Cultural productions of the U.S.A.–Mexico borderlands is a vast field often underrepresented in undergraduate curricula. Even so, the contributions of writers and artists of the borderlands to literature, visual and public art, cultural theory and political activism are among the richest in the U.S. This course introduces the Mesoamerican concept of nepantla, the ancient philosophy of dwelling in the existential middle space, as an anchor to examine the literature and cultural productions of the U.S.A.-Mexico borderlands. An interdisciplinary methodology combining history, literary analysis, and visual studies, engages with the emancipated selves that Chicanos/as produce at the junction of transnational capitalism, colonial expansion and globalization. This focus on the disruption of global technologies of exclusion, domination, and control offers students the opportunity to look beyond local histories to see new asymmetries produced by transnational systems in the era of globalization. Students will examine how Chicanos, empowered by the rich traditions of their indigenous iconographies, expose the failure of these systems that claim to pursue the betterment of all, while actually remaining indifferent to, or possibly ignorant of, the poor of color and the poor around the globe. Themes explored in the course include: the politics of representation in the borderlands, globalization and the colonial legacies of modernity, and nuanced conceptualizations of transnational borderlands through works by Gloria Anzaldúa, Sandra Cisneros, Guillermo Gómez Peña, Luis Alberto Urrea, Consuelo Jiménez Underwood, Ester Hernández, Alma Lopez, David Botello, and Gregorio Nava. Readings and class discussion will be in English but students may choose to read and write in Spanish when primary and secondary sources are available. Another objective of this course is to offer students opportunities to learn through community engaged-learning. This course fulfills the core course requirement for the Latina/o Studies Concentration. It also counts towards the major in American Studies, International Studies, Women and Gender Studies, Religious Studies and Spanish Area Studies.
This course examines the impact of globalization on feminist discourses that describe the cross-cultural experiences of women. Transnational feminist theories and methodologies destabilize Western feminisms, challenging notions of subjectivity and place and their connections to experiences of race, class, and gender. The course builds on four key concepts: development, democratization, cultural change and colonialism.
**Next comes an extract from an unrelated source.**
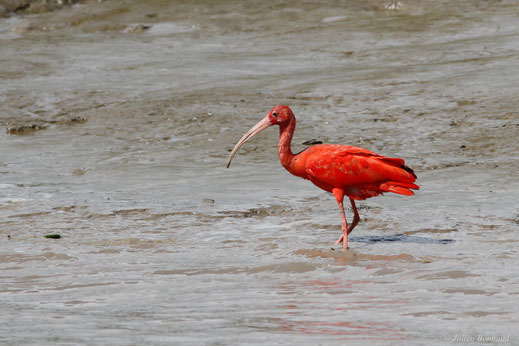 Ibis rouge — Eudocimus ruber (Linnaeus, 1758)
Because transnational feminisms are represented by the development of women's global movements, the course will consider examples of women's global networks and the ways in which they destabilized concepts such as citizenship and rights. We also will examine how transnational feminisms have influenced women's productions in the fields of literature and art. Key questions include: How does the history of global feminisms affect local women's movements? What specific issues have galvanized women's movements across national and regional borders? How do feminism and critiques of colonialism and imperialism intersect? What role might feminist agendas play in addressing current global concerns? How do transnational feminisms build and sustain communities and connections to further their agendas? Prerequisite: Any WGS course or permission of instructor. Offered every other year.